Licensing & Security

Parting with money is always fraught with risk, especially online, and there is a high degree of trust involved when putting hard earned cash on the line in a gaming system.

There will always be risk involved in gambling, but let it be of the right kind – at the tables. Not when transferring money, submitting personal information, or signing up for a promotion.

Gambling Act 2005

The Gambling Act 2005 which established both the Gambling Commission and the licensing system in place today. The document sets out three licensing objectives (part 1, section 1):

  • preventing gambling from being a source of crime or disorder, being associated with crime or disorder or being used to support crime,
  • ensuring that gambling is conducted in a fair and open way, and
  • protecting children and other vulnerable persons from being harmed or exploited by gambling.

Simple, right? Well, in 2005 the internet was far from what it is today, the advertising landscape completely different, and problematic gambling habits poorly researched. Since then numerous pieces of legislation have been appended to keep up with the times, but those three points must admittedly be considered well formulated; most amendments and appendices are definitions, clarifications and guidelines trying to keep up with new technologies in terms of those three points.

For players it is usually enough to know that there is a license system in place, and that playing with a licensed operator equals being in good hands. So, before we go into more detail about how games are tested for fairness and such, let us go through how to make sure that an operator has a valid license. Apart from picking a casino from TopCasinoSites.

UK Gambling License

A valid gambling license issued by the UK Gambling Commission (UKGC) is required for any company looking to offer online gambling to persons residing in the UK. Player’s do not break the law by playing at an unlicensed casino site – the burden lies on the provider – but if players are poorly treated or outright scammed it will be hard to get any kind of help from local authorities, and any lost funds will most definitely be gone forever.

It is in other words in every gamblers’ best interest to know how to spot a licensed operator before it is too late.

Spotting and controlling the validity of a gambling license

Licensees are required to present company information and license number on the site from which they are offering their products. We always make sure that the casinos we recommend have an active valid license but if you want to check for yourself here is the easiest way:

  • Scroll down to the footer of the casino site you are about to investigate.
  • There you should find information on what company it is that is operating the site and what licenses they have.

But nothing would of course stop a benevolent actor to fabricate this information and slap on a couple of badges, claiming that their software is fair and tested. Fortunately the Gambling Commission keeps an online record of all license holders and it is easily accessed – and searchable - by anyone.

Our reviews always include an info-box with a link to the licensees' page in the public register.

Most reliable operators will even link to their page in the public registry and that of course makes the process easy: make sure the status of the license is active and that the site from where you came is the same as provided in the list of active ‘Domain names’.

If the footer information does not contain a link, simply follow our link above to the search function of the public register. Put in either the provided company name, the stated license number or the name of the brand. Note that it is not possible to search for website addresses (URLs). If you do not get a result back it is was probably a scam site.
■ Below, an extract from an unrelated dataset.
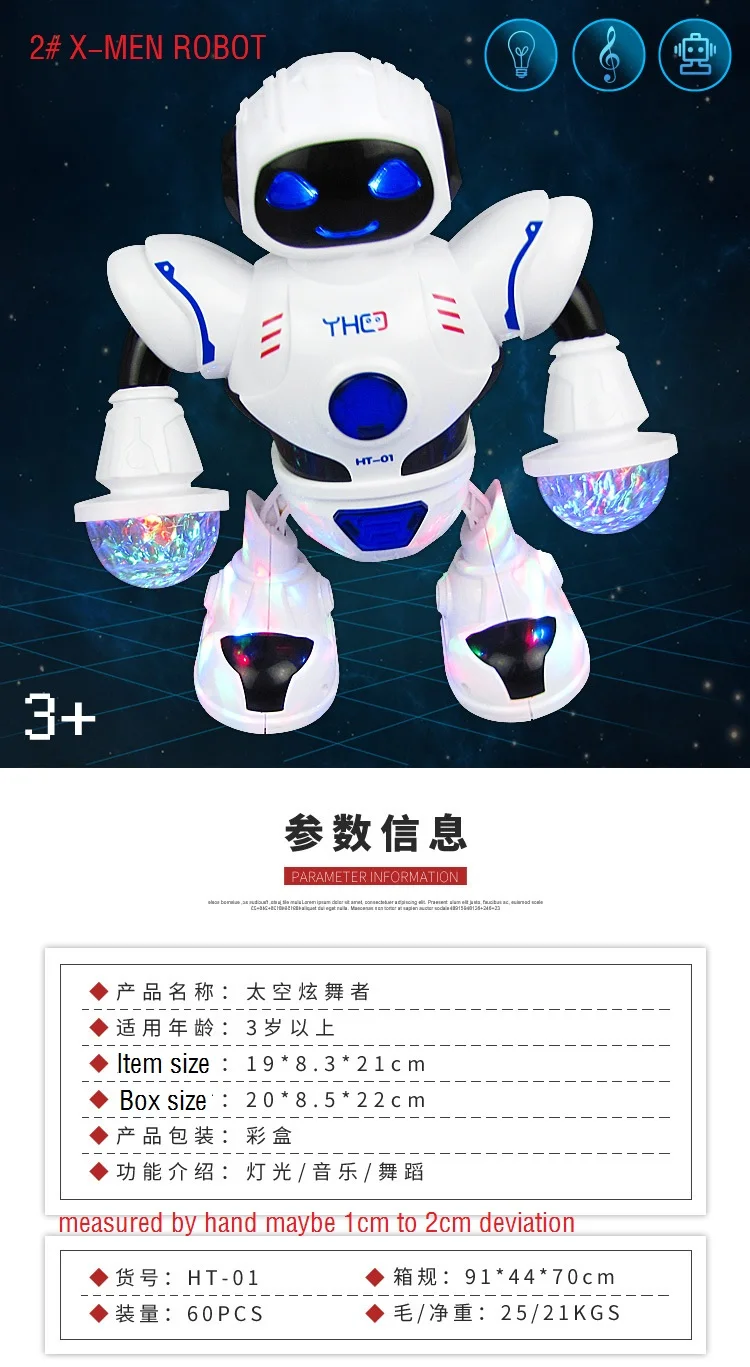 Новая космическая робот моделирование Танцы прогулочная красочные светильник для детей раннего образования игра-головоломка подарок для детей подарок 1 шт./упак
What playing with licensed operators require of us

Licensing matters rarely require anything of players - as is appropriate, we are after all customers, not license holders - but there is one thing requiring some effort from our part.

In order for the online operator to prevent illegal activity like money laundering and to assure that minors are not allowed onto their systems, as stated as two of the primary objectives of the licensing system, a player’s identity must be known. This in turn require players to provide documents that prove their identity. This is done by a process is known as KYC (Know Your Custome).

The KYC process is pretty much the only way in which gambling legislation affects us players directly, and is completed by sending in a recent utility bill of some sort (addressed to the person in question) and a passport copy (or other valid ID). Electronic verification methods will hopefully soon be available as well. Players can also be requested to provide documents which validates their ‘Source of Wealth’, but this is mostly in cases involving large sums of money.

So, before you head over to any online casino site, it is advisable to have these documents ready, preferably in digital form.